Are community buyouts the utopia that they're made out to be?
The Assynt Foundation's Glencanisp Lodge is being leased to a hotel chain for £30,000 pa
This week an article in the Scottish Mail on Sunday announced that the Assynt Foundation, one of Scotland’s most high-profile community buyouts, has gone bust.
The Foundation’s assets include 44,000 acres of land, which was bought in 2005 at a cost of £2.9 million – using £2.2 million from the Scottish government. The group were one of the first to make the most the SNP’s land reform act, which gives communities first refusal if their estate is put up for sale.
In 2020, the Assynt Foundation received another £870,000 of taxpayer’s money from Forestry Scotland to plant trees across 625 acre of its land: the plan was to make money by selling carbon credits. But now, it would appear that the Foundation’s trading arm has gone bust, owing £170,000. According to the Scottish Mail on Sunday, the latest annual report reveals “the hopeless financial position of …Assynt.Biz” and that the board have decided to “accept advice to close Assynt.Biz down and to sell off its few assets to raise money to pay creditors… before applying to have the company struck off.”
The Assynt Foundation’s assets include Glencanisp Lodge, a Victorian hunting lodge which was originally going to be run as a wedding venue. It underwent a £1.25 million makeover, before being relaunched as a luxury B&B. Now, the board say that the foundation “lacked the skills and resources to make a financial success of it.” But someone else is willing to pay to give it a go; a Wiltshire-based hotel chain have agreed to rent the lodge for £30,000 a year, on a 25-year lease. Even with this income, the foundation still have a way to go even just to break even on the amount of money they’ve received for tree planting. In fact, of their £68,000 turnover in the year 2018-19, £45,000 was public cash.

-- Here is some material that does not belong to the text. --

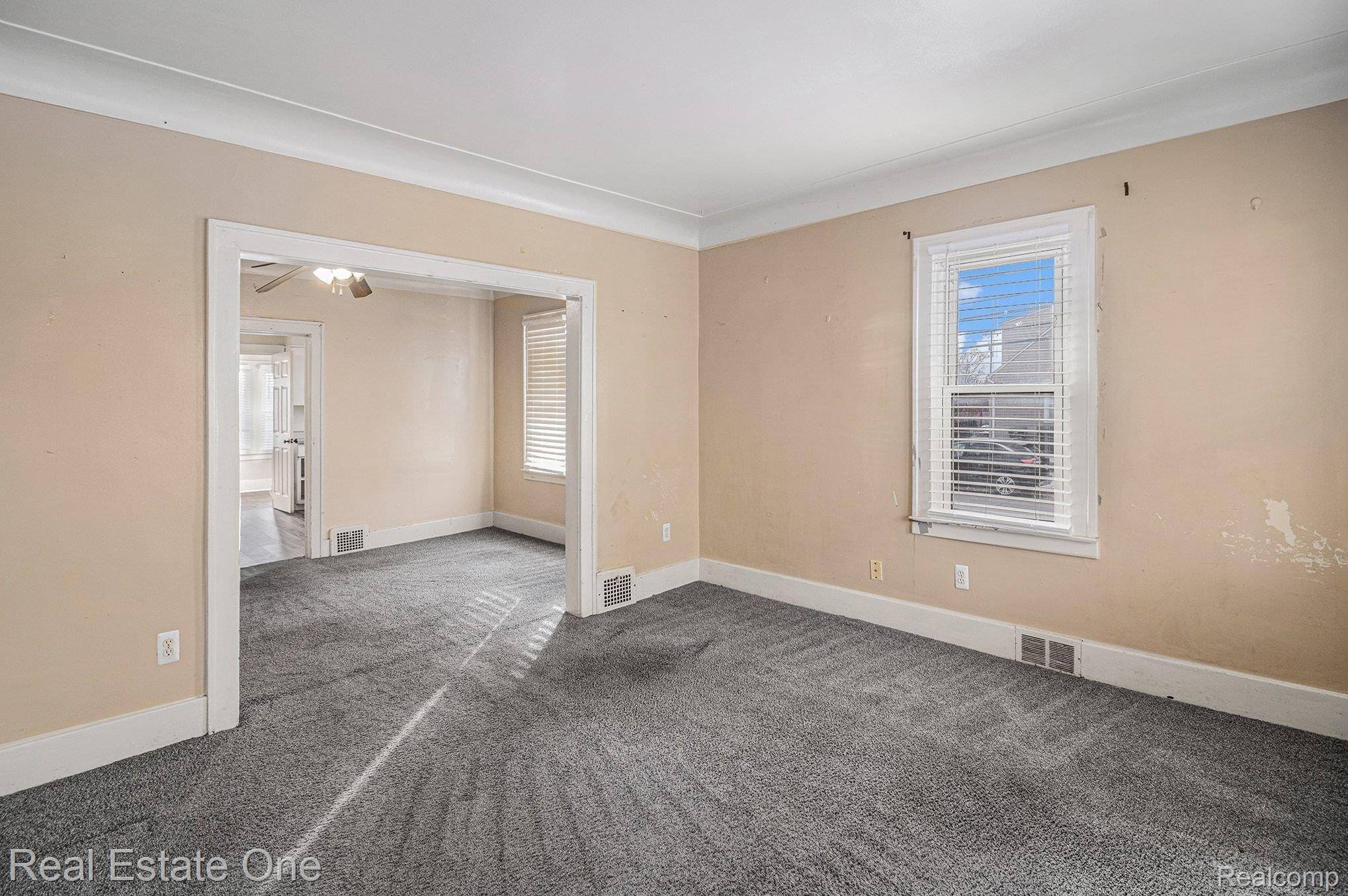 Melvindale, MI 48122,18666 Reed ST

So what does this indicate for other community buyout projects in other parts of the UK? In Scotland, the SNP government have been keen supporters of community buyouts including on the islands of Eigg and Gigha, the Ardnamurchan Peninsula, and most recently, the Old Forge pub in Inverie on the Knoydart peninsula – Britain’s most remote pub. Many of these were only viable thanks to vast sums of money from the taxpayer – which is all well and good if the taxpayer is happy to fund this money (and one can assume that, by voting the SNP into government, they approve of their land reform agenda) and are happy that this is a sound investment.

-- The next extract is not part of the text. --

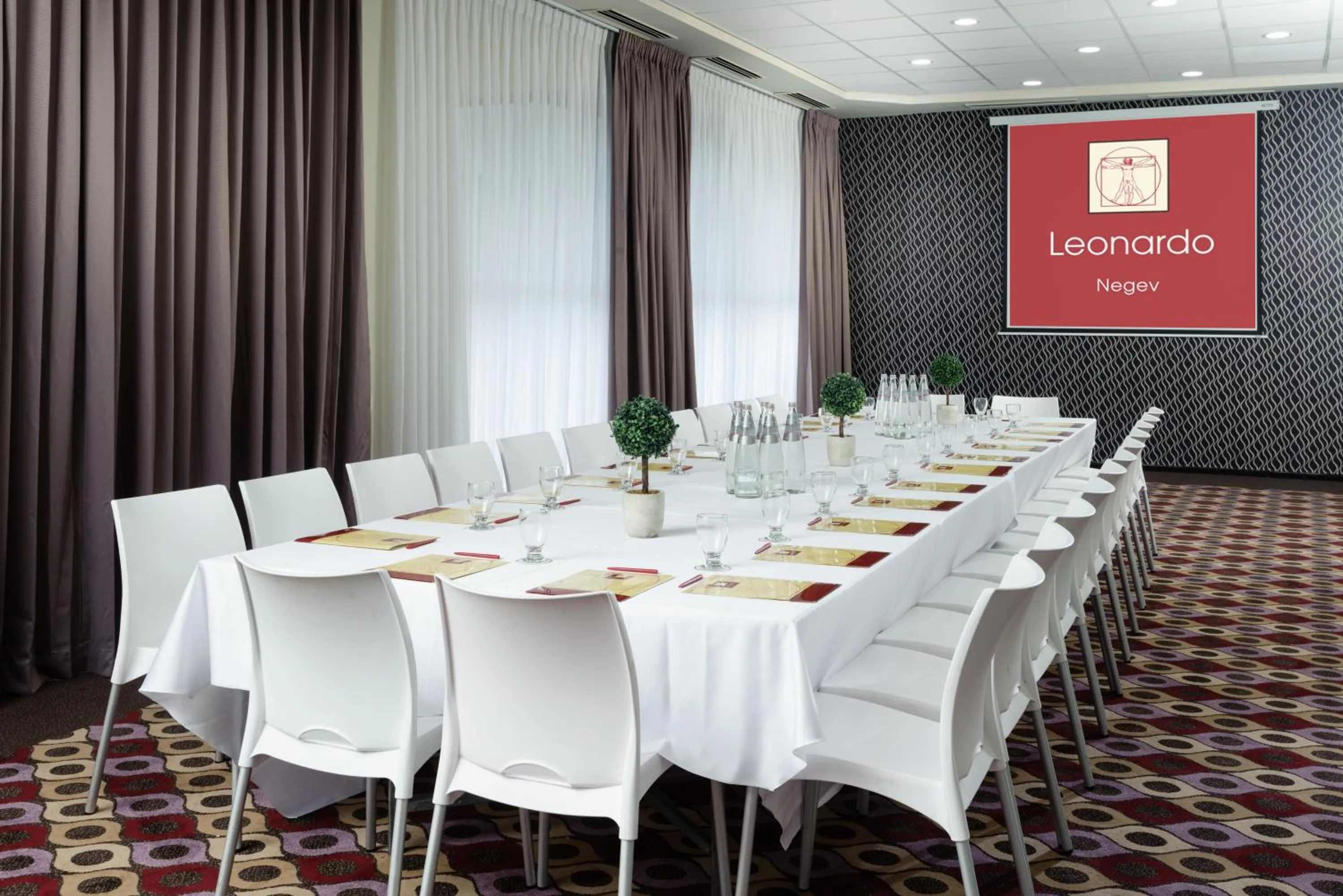 Business facilities in Leonardo Hotel Negev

But is it? The worry with so many of these community projects is who is making the decisions or running the projects – and do they know what they are doing? The former executive officer of the Assynt Foundation Gordon Robertson – himself an experienced estate manager and chairman of the Highland Region of Scottish Land & Estates for 15 years – stated that: “Planting of native woodland was one of a number of initiatives included within ten-year cash flow projections that I had produced… This capital must be used to create income-producing jobs and enterprises. It was all set out in the projections but the board has decided not to share this with the community.” One of these other initiatives must have been Glencanisp Lodge which, as we have seen, is not a viable business for the foundation.

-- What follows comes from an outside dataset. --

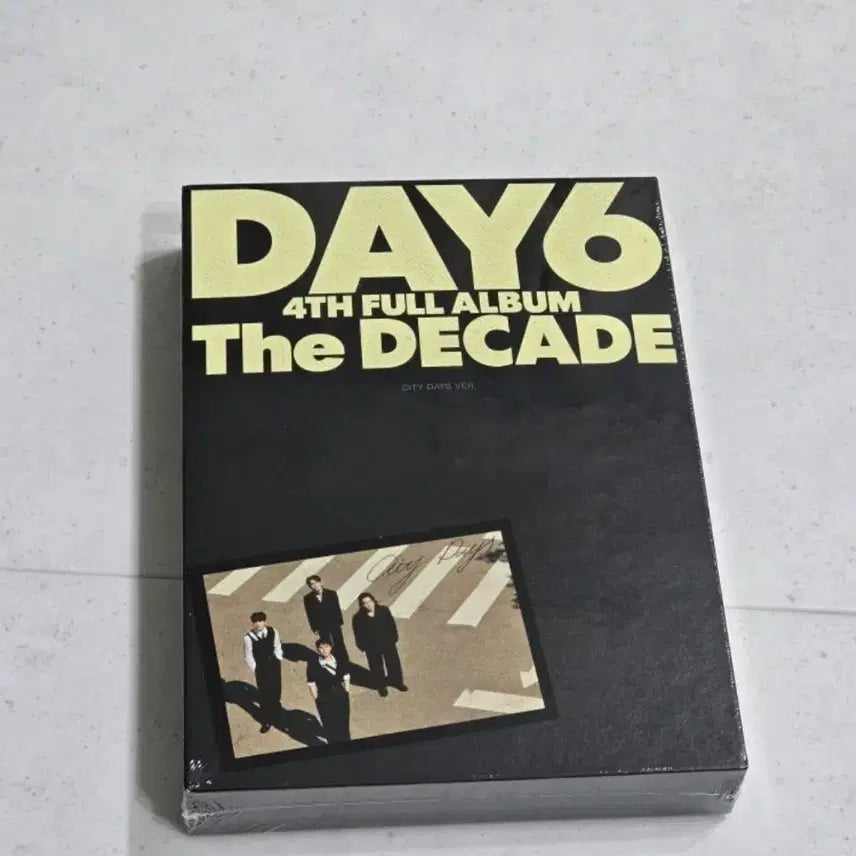 데이식스 DAY6 The Decade 시티버전 미개봉 팝니다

The other high-profile community buyout is at Langholm, on land formerly owned by the Duke of Buccleugh. This buyout has been done in two stages; the first, a £3.8million sum which purchased 5,200 acres and six properties. The second phase is hoping to purchase a further 5,300 acres. But do they have the knowledge or the expertise to manage the land and business? In a recent article in The Times, it was stated that the Langholm Initiative were developing their management plan and looking at ways in which they could diversify. The ideas posited included “interactive courses on wool production, a dark-sky observatory, camping sites and new housing on the moor.”
Will this be enough to support the salaries and management costs needed to cover the running of an estate like Langholm – particularly if they are planning on doubling the size of their current holdings? The community buyouts which have gone before haven’t exactly painted a portrait of financial viability. And that’s where the question has to be asked: will these community-owned estates be reliant on the tax-payer – and donations – for eternity? If so, is this something that should be encouraged?
Private estate owners are demonised by Scotland’s SNP government, but at least they are able to fund and cover their own costs and – in many cases – the evil, rich landowners choose to plough hundreds of thousands of pounds of their own money into their estates and the local economies. While projects such as Langholm are attempting to encourage young people into the community – hence the idea of new housing on the moor – surely the best way to encourage younger people and families into these remote, rural areas is by offering gainful employment?
It is clear that the now-famous statement that half of Scotland's rural land is owned by under 500 individuals doesn't fit into the SNP idyll of Scots owning their own country – and that's understandable to a certain extent. But government (read: taxpayer) and charity funds can only go so far. This is surely another business model that simply doesn't make sense.